About this exercise: The result should be the full listing copied exactly, with no pictures in it.

Source data:
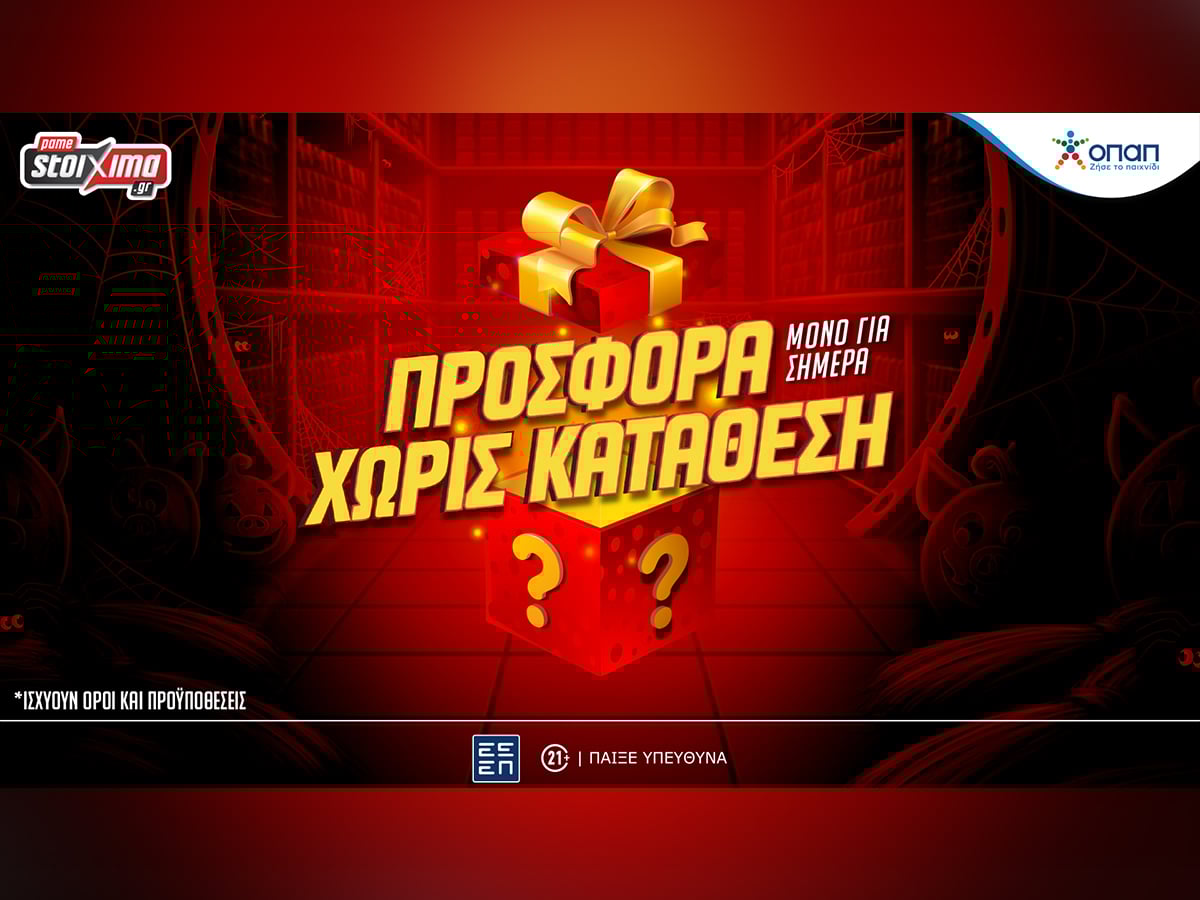 Pamestoixima.gr: Τα Halloween δώρα* για όλους χωρίς κατάθεση συνεχίζονται (01/11)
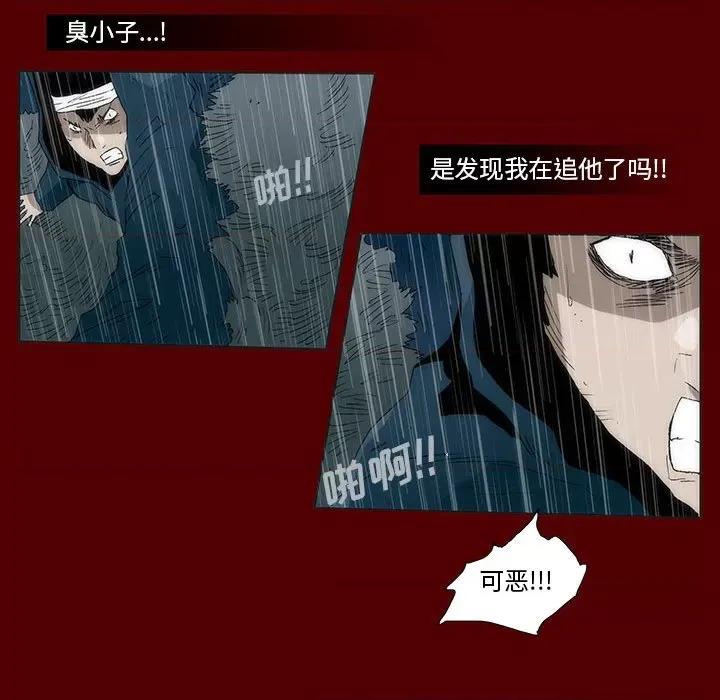 噬人雨 噬人雨-第 52 话 第41页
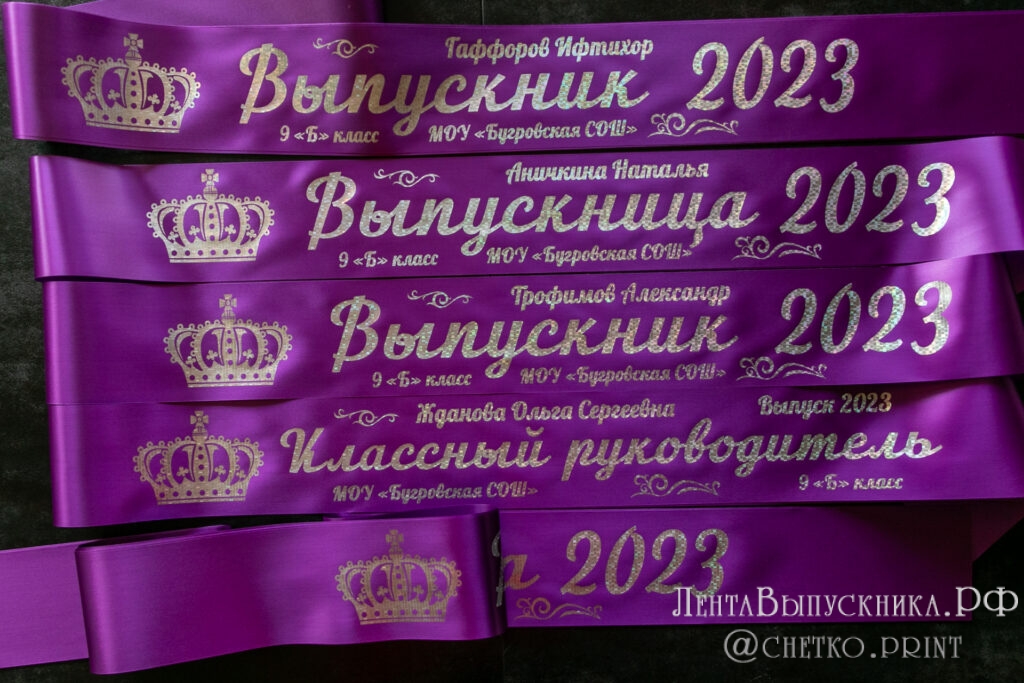 Лента выпускника фиолетовая с голографической надписью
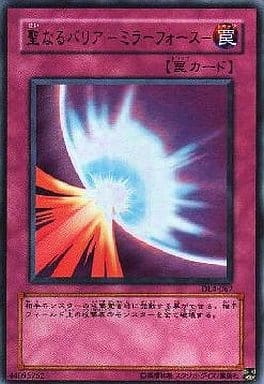 [UR] DL4-067 聖なるバリア -ミラーフォース-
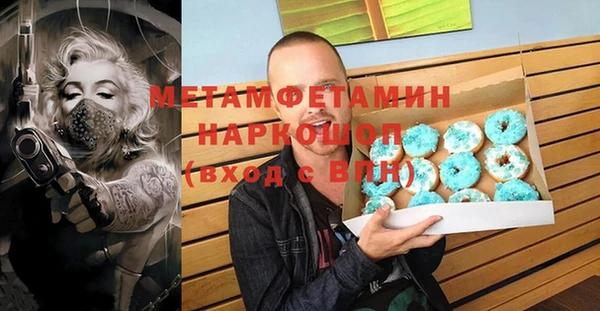 Альфа ПВП Верхнеуральск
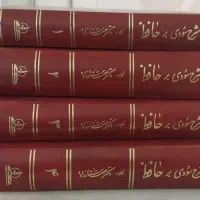 انواع کتاب|کتاب و مجله مذهبی|تهران, سلیمانی|دیوار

Solution:
 Pamestoixima.gr: Τα Halloween δώρα* για όλους χωρίς κατάθεση συνεχίζονται (01/11)
 噬人雨 噬人雨-第 52 话 第41页
 Лента выпускника фиолетовая с голографической надписью
 [UR] DL4-067 聖なるバリア -ミラーフォース-
 Альфа ПВП Верхнеуральск
 انواع کتاب|کتاب و مجله مذهبی|تهران, سلیمانی|دیوار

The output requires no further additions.